While we screened visions from Swiss political interest groups, future work could utilize repositories such as the visions described by the Global Scenario Group (Electris et al. 2009; GSG 2021), which are applicable anywhere and resonate strongly with visions presented here. Alternatively, in future work, visions and indicators could be defined specifically for the case study region in stakeholder workshops (Mitter et al. 2019) or crowd sourced from citizens directly (Metzger et al. 2018).

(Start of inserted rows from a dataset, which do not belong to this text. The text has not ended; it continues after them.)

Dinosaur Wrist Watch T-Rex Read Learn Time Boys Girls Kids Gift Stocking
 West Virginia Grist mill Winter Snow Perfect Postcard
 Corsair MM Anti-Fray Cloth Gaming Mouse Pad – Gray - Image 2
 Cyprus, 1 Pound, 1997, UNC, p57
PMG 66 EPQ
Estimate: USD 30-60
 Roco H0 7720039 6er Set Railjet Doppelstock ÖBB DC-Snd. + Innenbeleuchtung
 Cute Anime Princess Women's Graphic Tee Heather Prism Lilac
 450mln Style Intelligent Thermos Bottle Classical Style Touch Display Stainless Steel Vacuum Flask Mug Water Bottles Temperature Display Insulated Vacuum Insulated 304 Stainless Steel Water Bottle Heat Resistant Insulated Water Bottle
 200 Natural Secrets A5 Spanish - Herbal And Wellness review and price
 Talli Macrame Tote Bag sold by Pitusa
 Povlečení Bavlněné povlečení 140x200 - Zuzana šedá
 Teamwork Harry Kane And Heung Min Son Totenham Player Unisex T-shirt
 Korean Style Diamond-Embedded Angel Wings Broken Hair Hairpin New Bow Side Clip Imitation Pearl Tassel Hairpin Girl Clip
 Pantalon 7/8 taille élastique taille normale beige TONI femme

While being more resource and time intensive, such an approach would further strengthen the participatory element and increase the relevance of the vision for the case study area. Future studies should also consider that, like in all indicator-based assessments, the choice of indicators will influence the results (Kienast and Helfenstein 2016). In our case, the choice to focus on a broad set of indicators representing three sustainability dimensions was at the cost of not being able to analyze specific topics in more detail (such as farm economics of biodiversity loss). For indicators based on survey answers, an additional issue is that reported answers are biased by perception, which may lead to a distorted view of observed change. This bias can be accounted for by validating survey answers (where possible) with other data sources. Finally, it is important to be mindful of the possible consequences of outsourcing the normative aspect of sustainability assessments to societal visions. Visions may be heavily biased by partisan interests or may contain objectively unsustainable components. In our case, the AS vision only had a poorly developed social dimension in terms of the farmer, focusing more on lower prices and taxes for consumers, elements that the other visions did not prioritize (Fig. 5a). The fact that individual visions tend to focus on different aspects of sustainability, or for different stakeholder groups needs to be considered with required caution and transparency in such a comparison.